J’ai repris du poids pendant le confinement. La pandémie du Covid-19 et tout ce qu’il a impliqué ainsi que le fait de grossir à nouveau ont déclenché chez moi une dépression. Cela m’a fait encore plus grossir. Aujourd’hui, j’ai atteint un poids que je trouve trop élevé. J’ai l’impression que peu importe ce que je décide de manger ou pas, je juge, malgré moi, tout ce que je mange – si je considère que ce que je mange est « sain » ou même tout bêtement « bien ».

Pendant cette prise de poids, j’ai eu le sentiment que je ne devais plus m’autoriser à me montrer. Comme si mon corps était à lui seul, une insulte aux autres. Comme si je n’avais pas le droit de leur imposer cette vision d’horreur. Ces pensées sont dures à accepter car j’ai envie de vivre ma vie mais je souffre continuellement d’un manque de confiance en moi (ou du moins de mon aspect physique) ainsi que du jugement des autres. Bien que je ne reçoive plus de remarques aujourd’hui, je sais que tout le monde voit que je suis grosse. J’ai l’impression que les gens se disent la même chose que ce que mes camarades de classe me disaient quand j’étais enfant. Je crois qu’ils sont juste trop polis pour me le dire à nouveau en face.

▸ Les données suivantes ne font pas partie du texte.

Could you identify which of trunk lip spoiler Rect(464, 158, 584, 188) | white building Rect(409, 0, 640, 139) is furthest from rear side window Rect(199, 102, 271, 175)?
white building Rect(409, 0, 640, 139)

Lorsque des gens veulent être amis avec moi, cela me paraît surréaliste, je ne vois pas ce qui peut les attirer vers moi. M’habiller est aussi un casse-tête car il faut trouver le juste milieu entre être à l’aise, me trouver jolie et éviter tout jugement négatif venant d’autrui.

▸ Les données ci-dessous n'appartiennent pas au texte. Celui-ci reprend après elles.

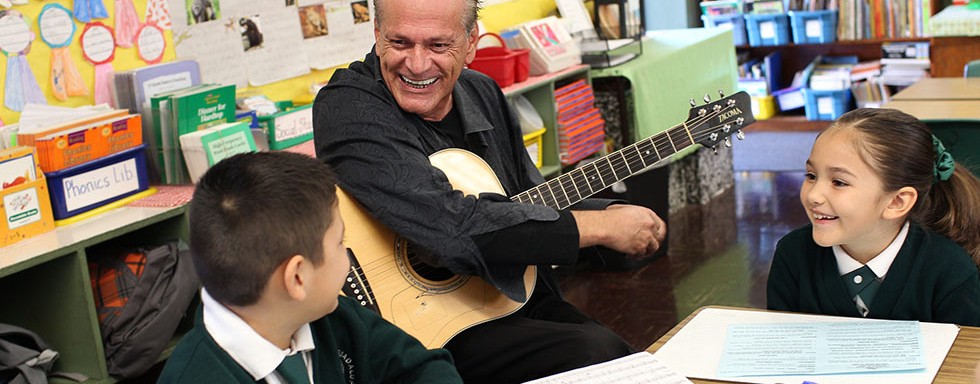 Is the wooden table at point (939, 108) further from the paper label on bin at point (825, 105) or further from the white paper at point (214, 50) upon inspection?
the paper label on bin at point (825, 105)

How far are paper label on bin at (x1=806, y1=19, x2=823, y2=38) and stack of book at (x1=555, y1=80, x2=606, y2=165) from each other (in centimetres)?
221

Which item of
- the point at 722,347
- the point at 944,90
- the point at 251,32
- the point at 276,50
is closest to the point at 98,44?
the point at 251,32

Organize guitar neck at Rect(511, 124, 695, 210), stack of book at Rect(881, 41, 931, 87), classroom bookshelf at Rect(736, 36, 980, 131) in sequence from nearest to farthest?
guitar neck at Rect(511, 124, 695, 210) → classroom bookshelf at Rect(736, 36, 980, 131) → stack of book at Rect(881, 41, 931, 87)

J’essaye de perdre à nouveau du poids mais cette fois-ci, je veux guérir. Pour cela, il faut que j’accepte le fait d’avoir pris du poids et que cela ne m’empêche plus de vivre. Je travaille là-dessus avec Alice. J’essaie d’accepter le fait que ce n’est pas forcément grave si je reste à ce poids-là toute ma vie. J’ai toujours eu peur de grossir et c’est toujours le cas aujourd’hui. C’est cela qui cause, souvent, des périodes de restriction puis des compulsions alimentaires. Je pense que pour guérir, il faut que je m’émancipe totalement de cette peur. Je vis avec des TCA depuis presque 10 ans et c’est dans une démarche de guérison que j’ai décidé d’entamer un suivi. Bien que le chemin soit encore long, elle m’aide à réparer la relation que j’entretiens avec mon corps et la nourriture. Ce qui m’aide particulièrement dans mes séances, c’est qu’elles m’aident à déculpabiliser, ce qui est déjà un grand pas. Il y a également un vrai équilibre dans le travail que nous faisons ensemble entre la partie nutritionnelle et la partie plus sensorielle et émotionnelle.